- Pitcher
- Born: August 11, 1955 (age 70) Marietta, Georgia, U.S.
- Batted: RightThrew: Right

MLB debut
- September 8, 1981, for the Montreal Expos

Last MLB appearance
- June 1, 1993, for the Colorado Rockies

MLB statistics
- Win–loss record: 108–94
- Earned run average: 3.53
- Strikeouts: 1,028
- Stats at Baseball Reference

Teams
- Montreal Expos (1981–1989); St. Louis Cardinals (1990–1992); Colorado Rockies (1993);

= Bryn Smith =

American baseball player (born 1955)

Bryn Nelson Smith (born August 11, 1955) is an American former professional baseball player who was a pitcher in Major League Baseball (MLB) from 1981 to 1993.

==Career==
Selected in the 49th round in 1973 as the 779th player, Smith did not sign with the Cardinals. In the winter of 1974, Smith signed with the Baltimore Orioles.

===Montreal Expos===
Smith made his Major League debut with the Montreal Expos after being acquired along with Rudy May and Randy Miller from the Baltimore Orioles for Don Stanhouse, Joe Kerrigan and Gary Roenicke at the Winter Meetings on December 7, 1977. The trade would benefit both teams, as Roenicke became a productive player with the Orioles whilst Smith became a fixture in the Expos rotation for much of the 80s.

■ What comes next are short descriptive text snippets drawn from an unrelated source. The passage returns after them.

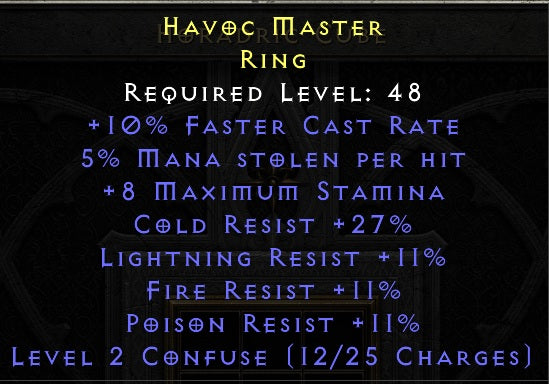 Havoc Master - 10 FCR 11 All Resist 27 Cold Resist 5% Mana Leech - non ladder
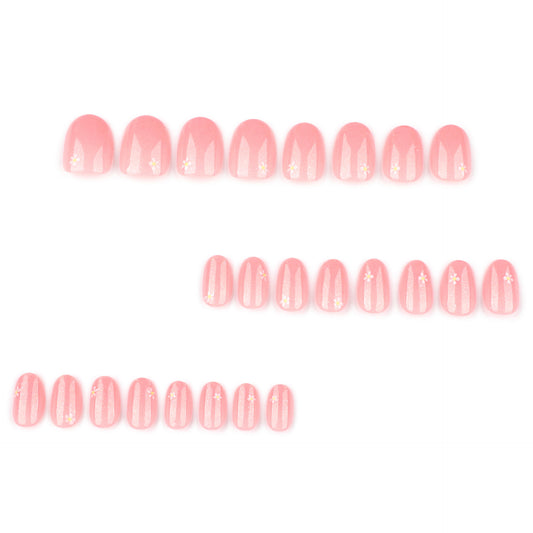 Simple and fresh flower press on nails short short round manicure fake nail glitter explosive flash wearable nail piece wholesale｜365nails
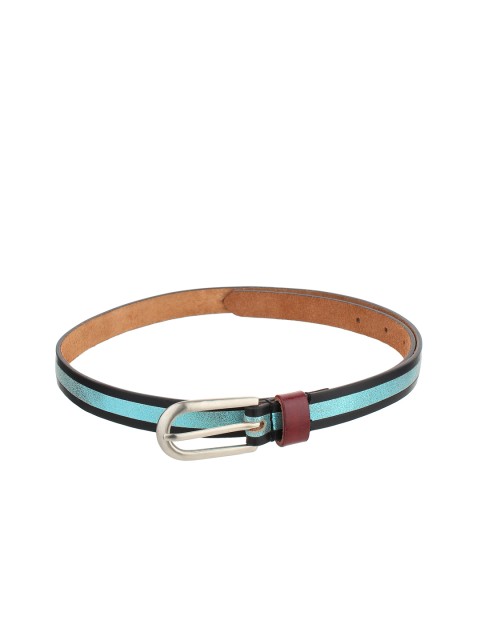 

Calligraphy Women Black & Sea Green Striped Belt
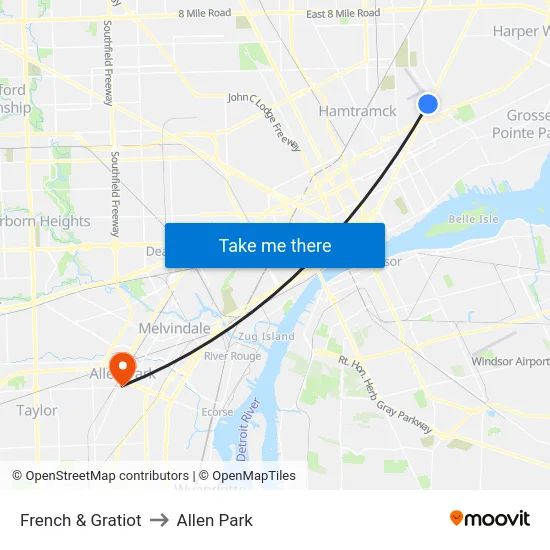 French & Gratiot to Allen Park map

Smith made his first start of his career with the Expos on September 29, 1982, against the Philadelphia Phillies. Smith would pitch most of the 1983 season out of the bullpen, but Smith would convert to the rotation full time in August and pitch very well to close out the season. Although Smith recorded a 5–7 record across the last two months of the season, Smith had a 2.36 ERA in 12 starts and 2 relief appearances upon taking up starting duty, including a career high 5 complete games.

Beginning in 1984, Smith earned a full-time spot in the rotation, logging a 3.32 ERA across 179 innings in 28 starts.

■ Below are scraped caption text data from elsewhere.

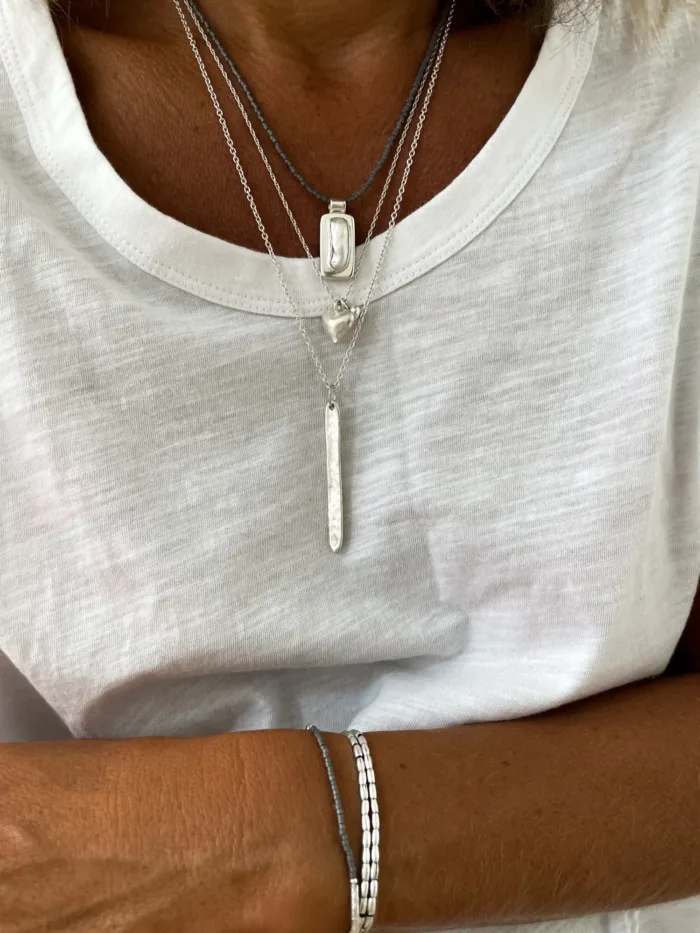 layer a sterling silver necklace stack with various chains and pendents. Freshwater pearl silver pendant seed bead necklace chain. More colour options available. Handmade in Sydney australia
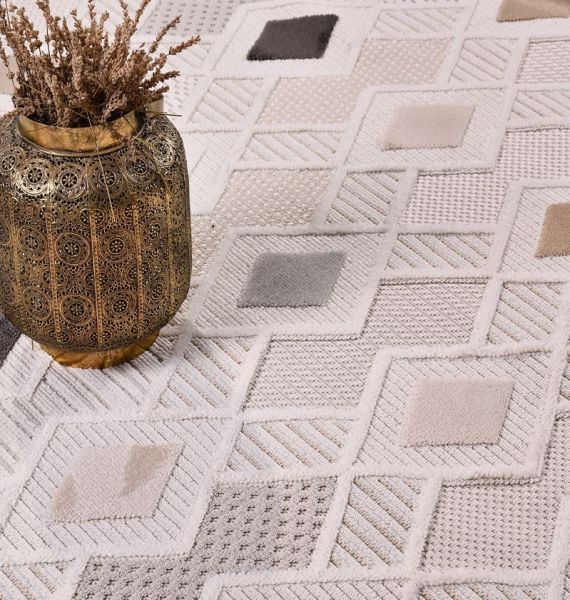 Crea Halı İzgi IM06K Multi Kabartmalı Modern Geometrik Desenli Hav Toz Vermez Salon Halısı  My Crea Home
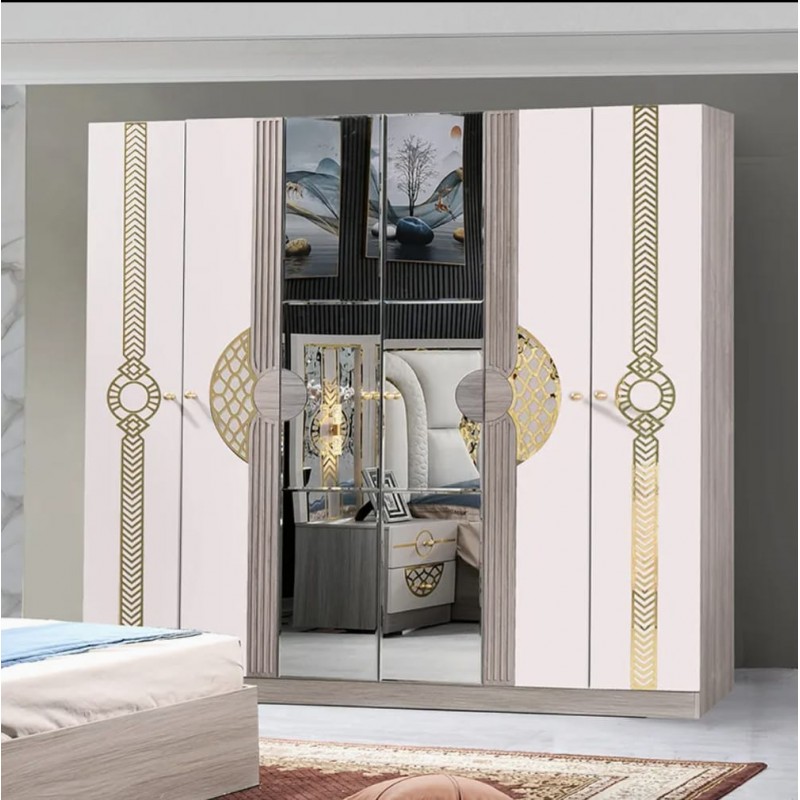 Chambre à coucher complète MC203H 5 pièces beige blanc | lit, coiffeuse, chevets et armoire 6 battants
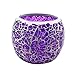 Arlgseln Clear Glass Votive Candle Holders Glitter Mosaic Amber Tea Light Home Candle Cup for Romantic Wedding Bar Party Table Dining Decoration Halloween Christmas Night (Purple)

1985 would be one of the best seasons of Smith's career, recording a career-best 18–5 record while registering a 2.91 ERA in a career high 222 1/3 innings. He had a pair of 5-game winning streaks in 1985 and was picked Expo Player of the Month for July by Montreal baseball writers after a 3–1 record and 1.74 ERA.

1986 would see Smith regress to a 3.94 ERA across 187 1/3 innings. 1987 would see Smith miss some time, registering only 26 starts, as he logged a career worst 4.37 ERA with the Expos. Smith would be a free agent at the conclusion of both seasons but re-signed with the Expos both times.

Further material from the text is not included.